HOFFMAN ESTATES – Everybody in the stands was laughing. They couldn’t help it.
Somehow, Melissa Dixon managed to keep a straight face.
Down on the court, the former Johnsburg star and her Iowa Hawkeyes teammates were trying to play against Northwestern in the Big Ten women’s basketball tournament, but the horn was stuck. An official at center court raised his hands in surprise, proving that nobody was pressing the button that filled the Sears Centre Arena with noise.
Then it stopped.
Then it started again.
Then it stopped.
Then it started again.
Coaches called their players to the benches to discuss strategy. Officials huddled near the scorers’ table. Band members screamed and waved their arms in mock hysteria.
Dixon blocked out the noise and focused on her next assignment.
“We just had to stay focused,” said Dixon, a 20-year-old sophomore who led the Big Ten in 3-point percentage this season. “The game wasn’t over at that point.”
A half-hour later, the game was over, and Dixon could relax and laugh about the
second-half buzzer ghosts. The Hawkeyes beat Northwestern, 60-55, on Thursday to earn their 20th win and to advance to the quarterfinals of the conference tournament today against Nebraska.
Welcome to March loudness, er, madness.
Those who follow local hoops probably identify with Dixon as a prolific scorer. She is the only girls player in McHenry County area history to surpass 2,000 points during her career, and she was named Northwest Herald Girls Basketball Player of the Year in 2010 and 2011.
Yet Dixon’s focus against the Wildcats was defense, defense, defense.
At 5-foot-8, Dixon matched up against 6-foot-1 forward Maggie Lyon, a talented freshman from Wilmette. A couple of times, she switched to defend Alex Cohen, who stands 6-foot-5.
Picture yourself trying to guard an oak tree. That’s kind of what it looked like.
Yet Dixon prevailed. She limited Lyon to 2-for-10 shooting with a pair of turnovers, which was important because the Wildcats quieted Dixon on offense (0 for 3 shooting, three assists).
In a perfect world, Dixon would have preferred to shine on offense and defense. But she knew her top priority was to pester the Wildcats, and she did exactly that.
“I take a lot of pride in my defense,” Dixon said. “Going into the game, we knew Maggie was such a great player, and we knew we had to stop her. That was a big focus of my game.”
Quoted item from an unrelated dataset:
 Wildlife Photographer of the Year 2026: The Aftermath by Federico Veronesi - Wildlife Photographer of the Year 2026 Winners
There’s that word again: Focus.
Off the court, Dixon is friendly and laid back. She loves to spend time with her teammates. Her Twitter messages are filled with exclamation marks and smiley faces.
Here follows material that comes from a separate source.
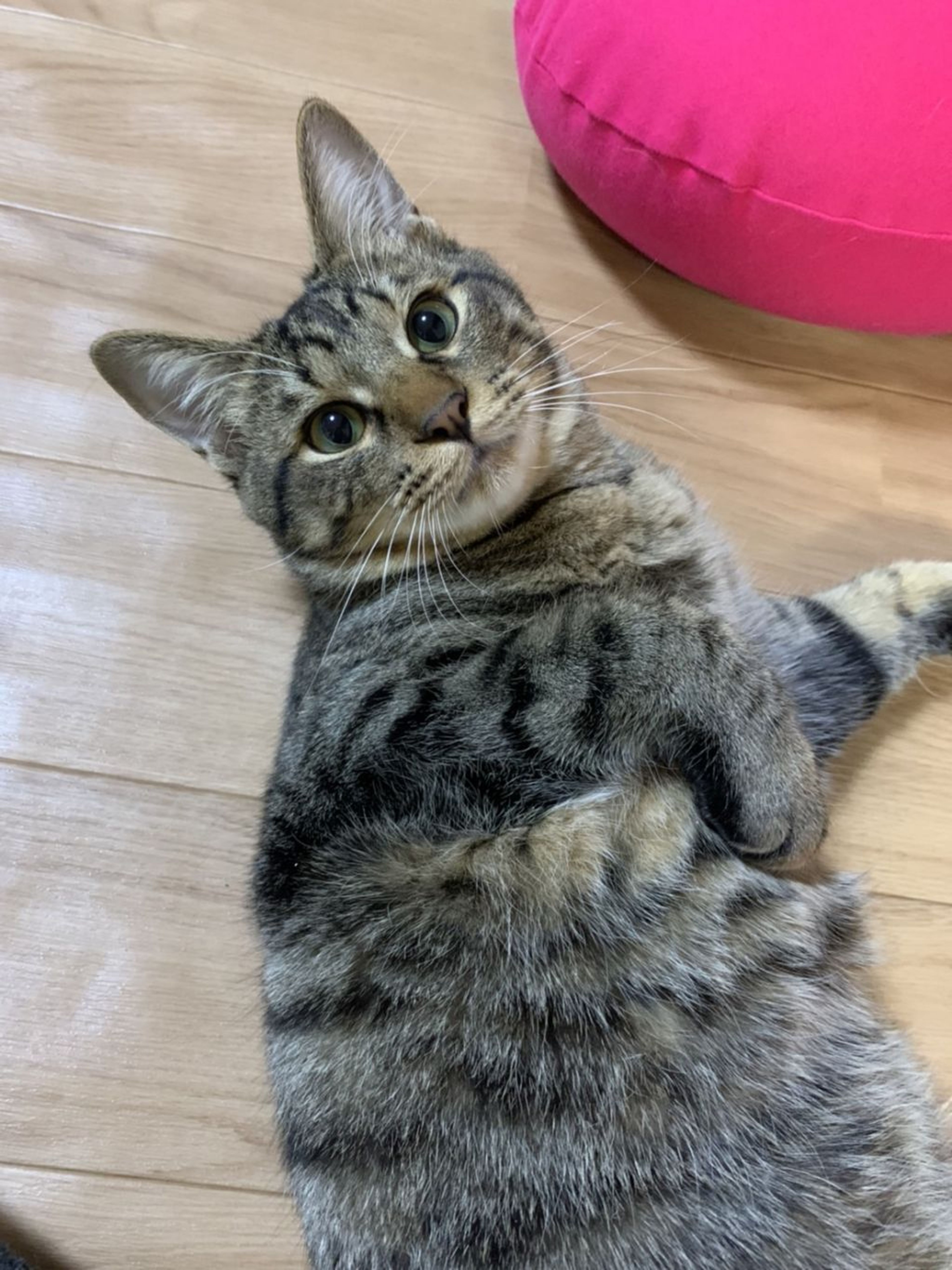 雑種（ミックス猫）・オスの里親募集の写真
On the court, it’s a different story. Dixon plays with a relentless style that has impressed conference coaches, who voted her as Big Ten Sixth Player of the Year this week.
Melissa’s father, Scott Dixon, jokingly compared his daughter’s on- and off-court demeanor to Dr. Jekyll and Mr. Hyde.
“From Day One, she really had her focus and attention on basketball,” Scott Dixon said. “She always played hard. She has one speed, and it’s all-out.”
Dixon learned to go all-out at an early age.
She grew up with one backyard court, two brothers, many of their friends and zero referees. Her brother Mike, who is a junior at Iowa, is one year older than her. Her brother Steve, who is a junior at Johnsburg, is three years younger.
“It always got really competitive,” she said. “No one wanted to lose, ever.”
But someone had to lose, always.
Scott Dixon did his best not to interfere with his children’s play.
“It was kind of a no-holds-barred type of thing,” he said. “It was tough.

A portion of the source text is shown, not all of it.